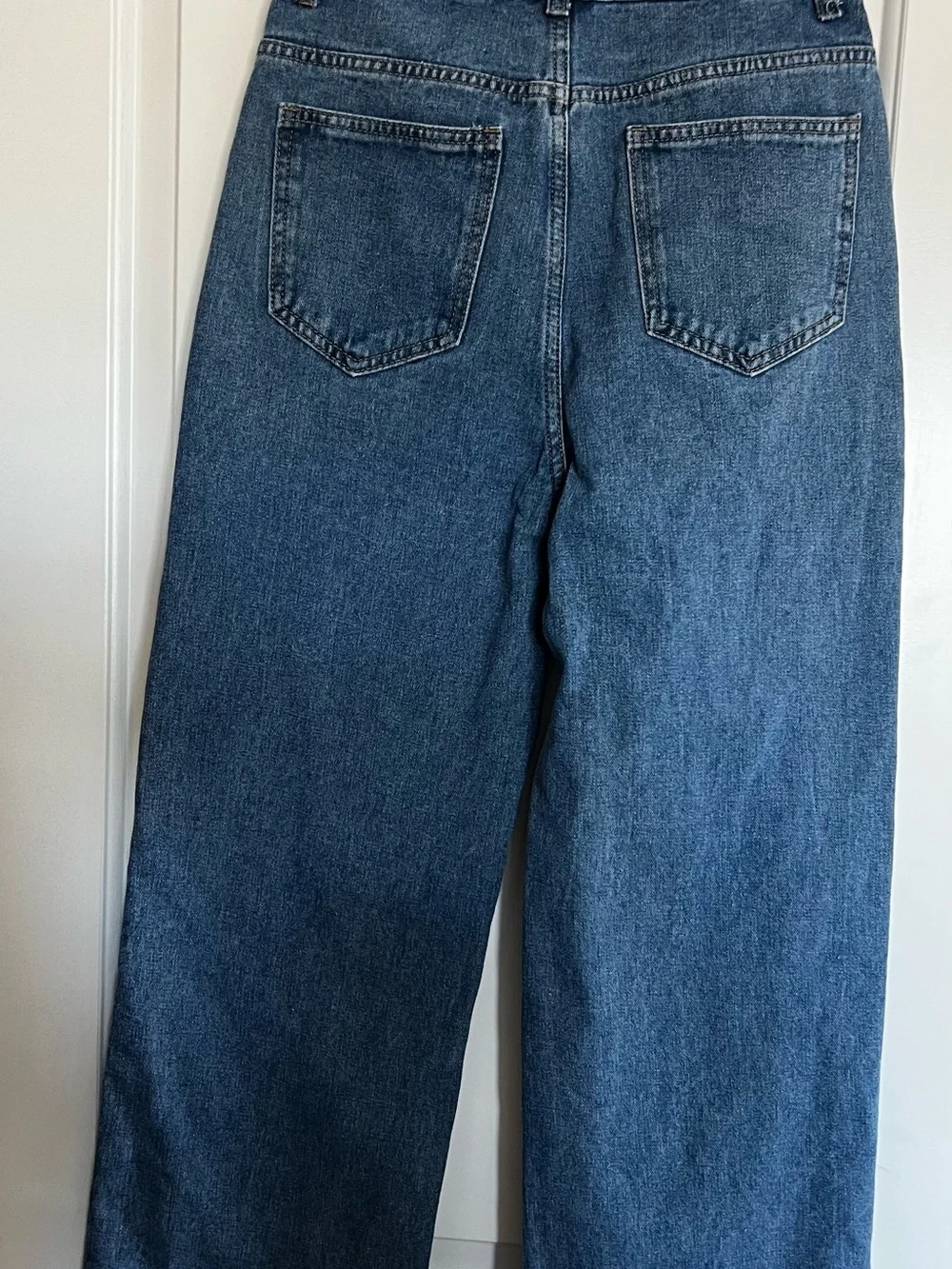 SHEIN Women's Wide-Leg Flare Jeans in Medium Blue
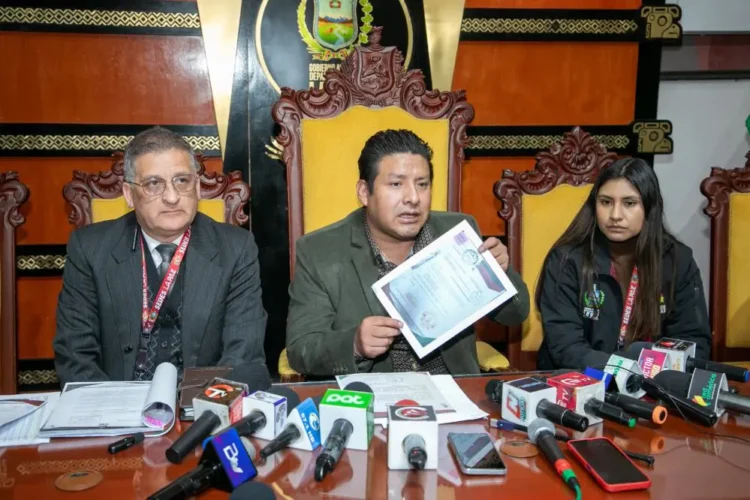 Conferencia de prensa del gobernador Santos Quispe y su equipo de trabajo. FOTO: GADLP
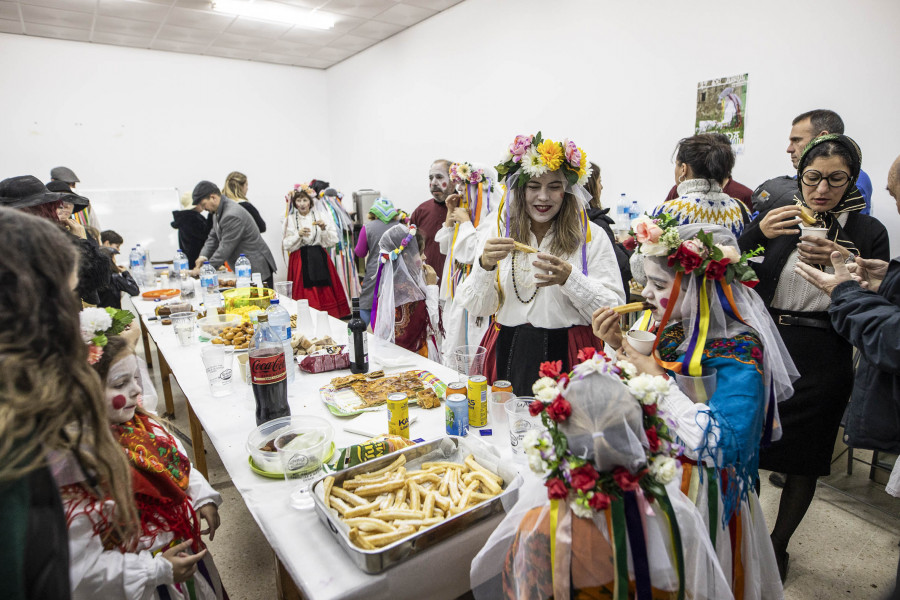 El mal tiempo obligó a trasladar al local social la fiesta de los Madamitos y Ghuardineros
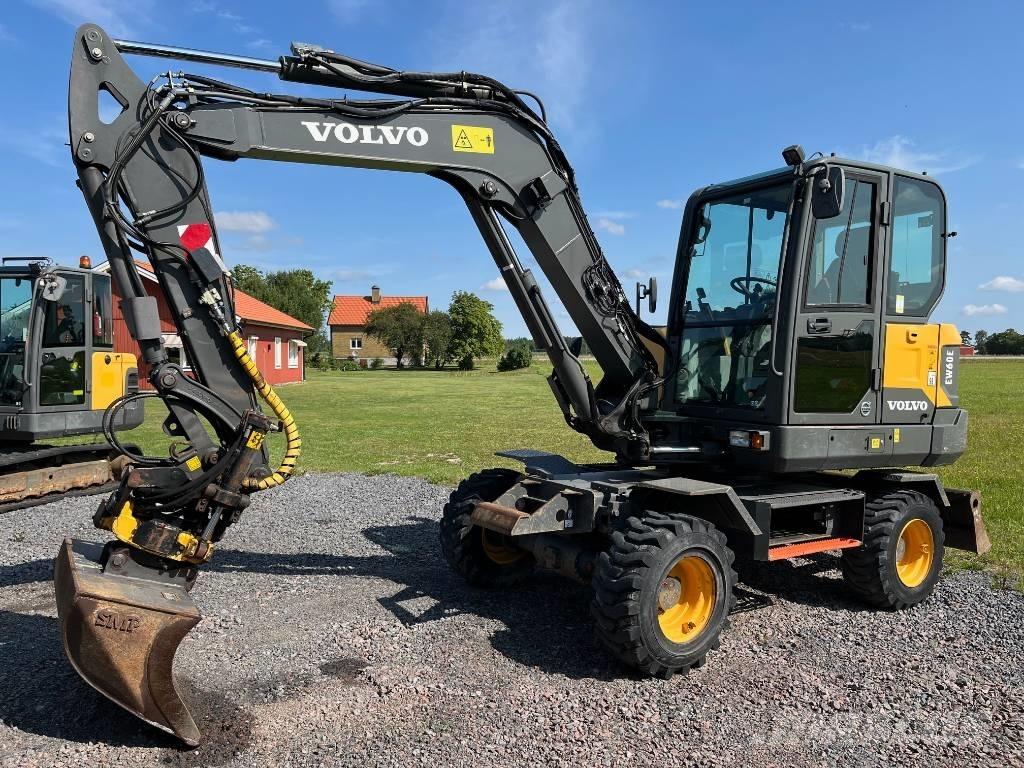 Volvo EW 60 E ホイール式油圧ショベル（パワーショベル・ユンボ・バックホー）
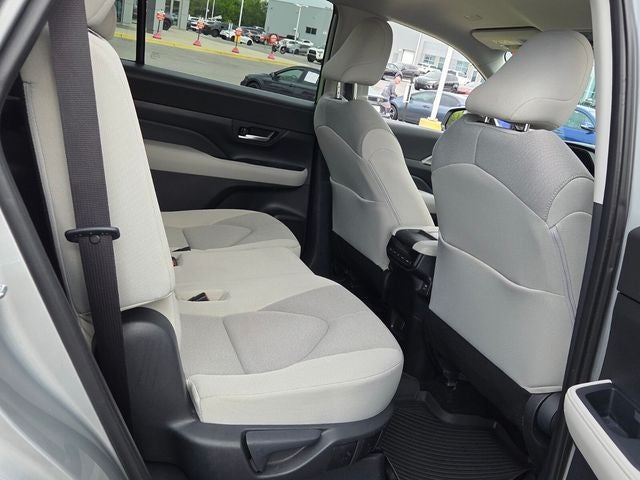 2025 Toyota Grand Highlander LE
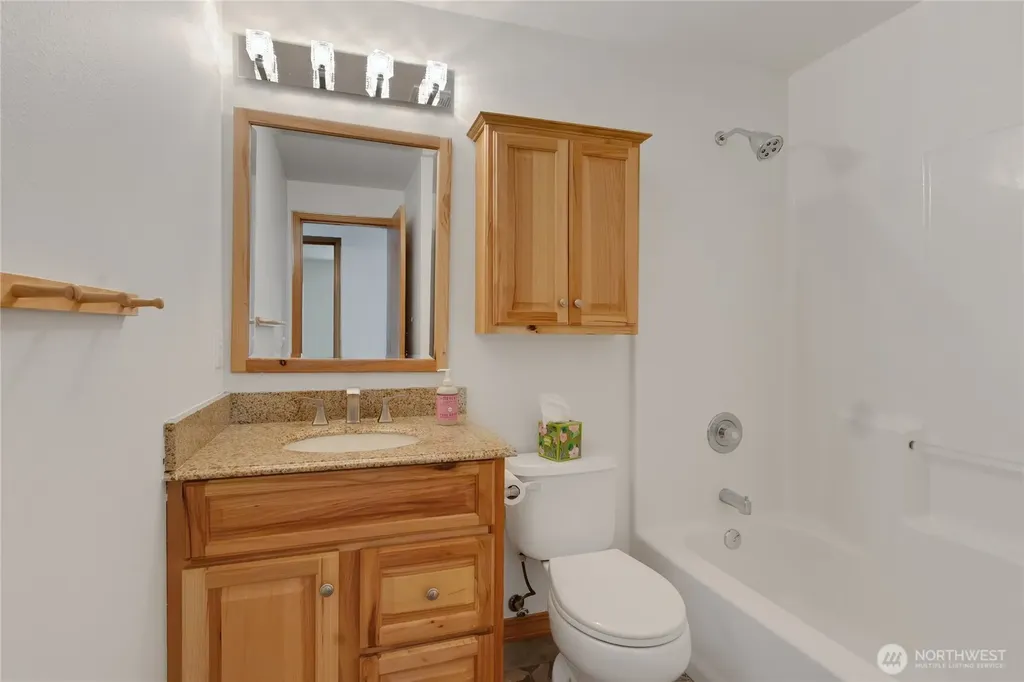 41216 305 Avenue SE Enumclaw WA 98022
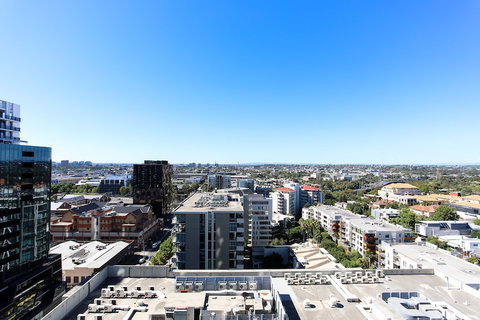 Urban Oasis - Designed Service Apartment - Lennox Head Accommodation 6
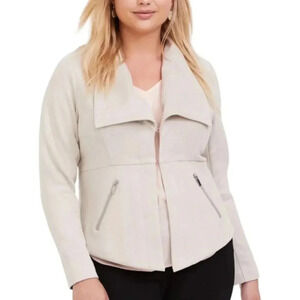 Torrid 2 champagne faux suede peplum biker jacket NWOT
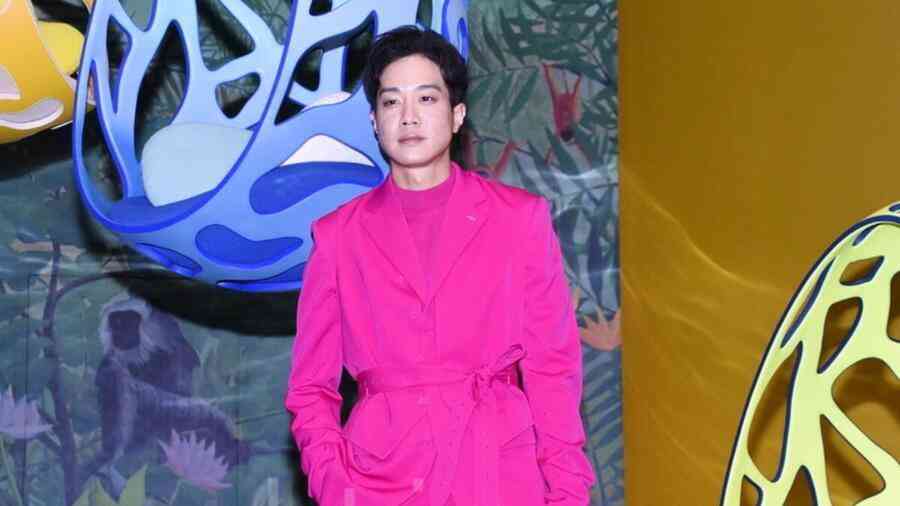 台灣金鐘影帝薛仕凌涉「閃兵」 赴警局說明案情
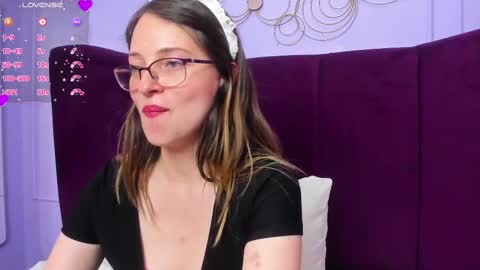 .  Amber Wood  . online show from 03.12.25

============================================================

Reproduce nothing but the lines running from the line with "2025 Toyota Grand Highlander LE" through the end of the records, keeping both end lines and dropping the pictures.

-- Problem solution --
 2025 Toyota Grand Highlander LE
 41216 305 Avenue SE Enumclaw WA 98022
 Urban Oasis - Designed Service Apartment - Lennox Head Accommodation 6
 Torrid 2 champagne faux suede peplum biker jacket NWOT
 台灣金鐘影帝薛仕凌涉「閃兵」 赴警局說明案情
 .  Amber Wood  . online show from 03.12.25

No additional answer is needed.